Thus, the sources of tax revenues that used to form the budgets of entire counties are now heading to the budgets of specific communities. These success stories cannot be easily replicated by other emerging communities. A comparison of the surplus and deficit ATCs shows that the major difference is specifically in the volume of personal income tax and the revenues it generates, and less so in land tax or excise duties from the goods sold on their territory.
This makes the benefits of ATC creation very unequal: the winners are the communities that retain large enterprises and employers which used to fill county budgets with personal income tax even before. As these revenues concentrate in the budgets of some communities, others that used to be covered from the same county budget suffer. Because all ATCs, regardless of what they inherited from the dissolved county, have to take over kindergartens, culture facilities, outdated transport infrastructure and the like.
Another problem is whether personal income tax is paid where an individual resides or works. Some large enterprises located in “successful” communities employ many residents from subsidized ATCs, which means that the budget-filling tax is not paid where these residents receive public services, but elsewhere.
Prior to the reform, the fact that county administrations had been in charge of important public services, such as education, health care and others, was seen as a problem. For many decades, the premises of schools and hospitals in many settlements were unrepaired. As new communities are merged, this will go under their local control.
Therefore, one of the major result of community amalgamation at the current stage is the change in the approach of local authorities and the residents of the new communities that comes with transitioning from passive expectation of changes to proactive development of own communities.
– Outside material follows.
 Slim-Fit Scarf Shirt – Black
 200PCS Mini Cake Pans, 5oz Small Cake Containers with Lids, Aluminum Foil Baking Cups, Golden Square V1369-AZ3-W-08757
The entry conditions, however, often vary greatly.
This problem can partly be solved through subsidies from the state budget, but only at the initial stages. According to the Ministry of Regional Development reports, almost 2/3 of all development spending (UAH 1.2bn out of UAH 1.9bn) in 159 ATCs were funded with subventions from the central budget. UAH 1bn went to build ATC infrastructure, which largely focused on repairing and upgrading roads, education facilities, water and waste facilities, street lighting, cultural and health care facilities, and public service centers.
In the mid to longterm prospect, this will not change the huge financial disproportions in own capacities of ATCs. With an almost twofold growth in the number of ATCs in 2016 compared to 2015, the state budget is expected to allocate only UAH 1.5bn to their infrastructure development, compared to UAH 1bn in 2016. This means that the financial support to show the benefits of ATCs to the unmerged communities is going down as well, even though current ATCs cover only 20% of the population in former administrative counties.
The newly merged communities vary by sizes, too. The largest one, Nadornytska ATC in Zhytomyr Oblast, is 1,300 sq km. The smallest one, Mizhenets ATC in Lviv Oblast, is only 8.7 sq km large. The least populated community in Chernihiv Oblast has 1,600 residents, while the most populated one in Donetsk Oblast has 44,200 people.
With these differences, one of the key arguments in favor of the merger (to reduce the spending on administrative staff to an adequate scale) remains unaccomplished. A report on the absorption of local budgets in 2016 shows that the average spending on civil servants in 159 ATCs is 15%, ranging from 44% in a small community in Ternopil Oblast to 4-5% in communities that cover 15-20,000 residents.
It will become increasingly difficult to maintain schools or hospitals in communities with less than 5-6,000 people. One ATC in Zaporizhzhia Oblast with 3,800 residents has 320 children which is not enough even for one full-scale school. For now, the community has four, including two junior schools and one nine-grade school.
The maps of some oblasts that have made the most progress in community merging look like the territories divided between feudal lords in old times. They leave an impression of chaotic amalgamation based on ambitions of local elites or reluctance of some settlements to merge with others. Some new communities cover up to half of former counties while others have only one or two former village or town councils merged. In some, the farthest settlements are 25-30km away from the ATC center and only 5-10km away from the center of the neighbouring ATC.
Under these circumstances, the initial goal of the reform will hardly be accomplished. It does not create a prospect of financially self-reliant communities or basic public services brought closer to people. When old county structures seize to exist and small settlements find themselves too far from the centers of the merged communities, the flaws of the chaotic amalgamation will be experienced in full. This will hamper the communication of residents with ATC centers, including hospitals and schools. People will have to go to the nearest centers in neighouring communities or travel far to get to their own community centers for quality services. If the infrastructure in less successful ATCs is underfunded (and most ATCs will be less successful if the current trends prevail), this can discredit the concept of decentralization in the eyes of most residents.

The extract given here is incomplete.